*What the task requires*.
Below are some entries. Transcribe the lines from the one holding "يدافع أحد عني" to the one holding "Why Are Over", inclusive, but not the pictures among them.

*Data shown*.

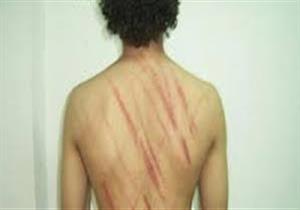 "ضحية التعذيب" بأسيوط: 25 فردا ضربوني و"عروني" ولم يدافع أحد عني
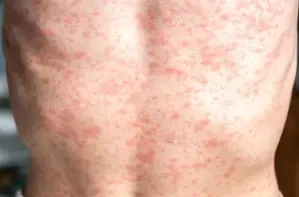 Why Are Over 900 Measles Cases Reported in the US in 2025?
* * *
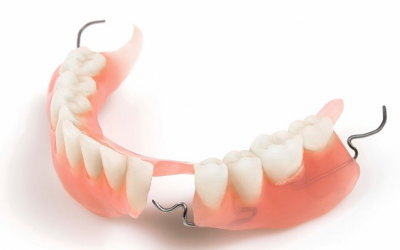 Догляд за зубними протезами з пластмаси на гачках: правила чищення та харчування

*Answer space*.
 "ضحية التعذيب" بأسيوط: 25 فردا ضربوني و"عروني" ولم يدافع أحد عني
 Why Are Over 900 Measles Cases Reported in the US in 2025?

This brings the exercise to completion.